> **TASK OBJECTIVE**
After locating the line that contains "Flaches Felsenriff zwischen Meer und Strand" in the records below, write out exactly that line and each line after it through the one that contains "A grey-haired white", and nothing else.

> **SOURCE RECORDS**
*** Block opens ***

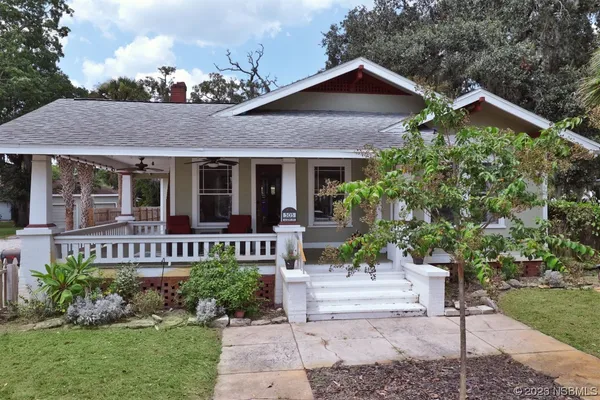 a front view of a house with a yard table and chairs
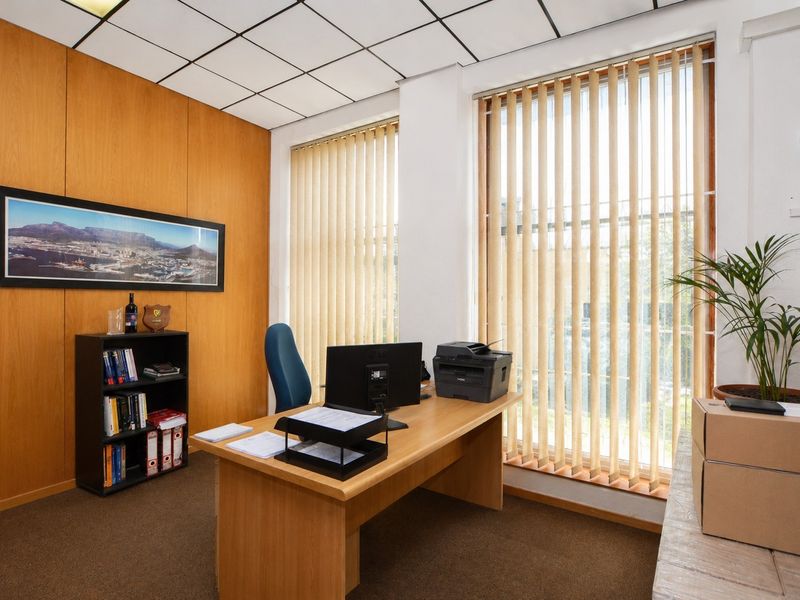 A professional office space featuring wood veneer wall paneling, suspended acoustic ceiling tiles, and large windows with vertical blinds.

*** Block closes ***
*** Block opens ***

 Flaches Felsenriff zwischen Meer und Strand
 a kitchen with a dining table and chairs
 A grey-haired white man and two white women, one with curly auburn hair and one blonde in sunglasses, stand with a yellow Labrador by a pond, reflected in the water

*** Block closes ***
*** Block opens ***

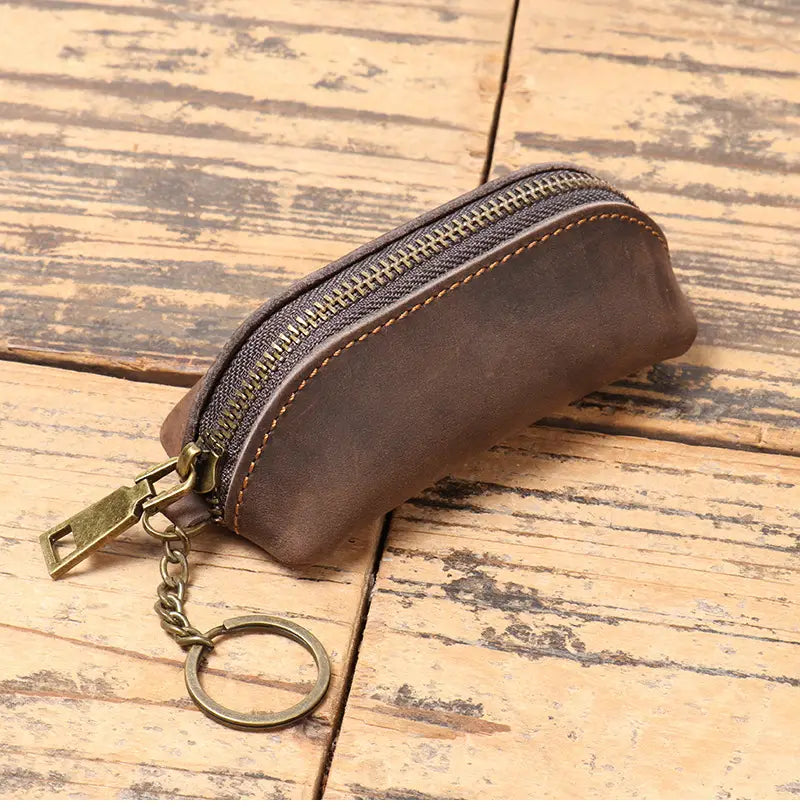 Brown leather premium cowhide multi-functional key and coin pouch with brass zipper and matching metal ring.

*** Block closes ***

> **SOLUTION FOR THIS TASK**
 Flaches Felsenriff zwischen Meer und Strand
 a kitchen with a dining table and chairs
 A grey-haired white man and two white women, one with curly auburn hair and one blonde in sunglasses, stand with a yellow Labrador by a pond, reflected in the water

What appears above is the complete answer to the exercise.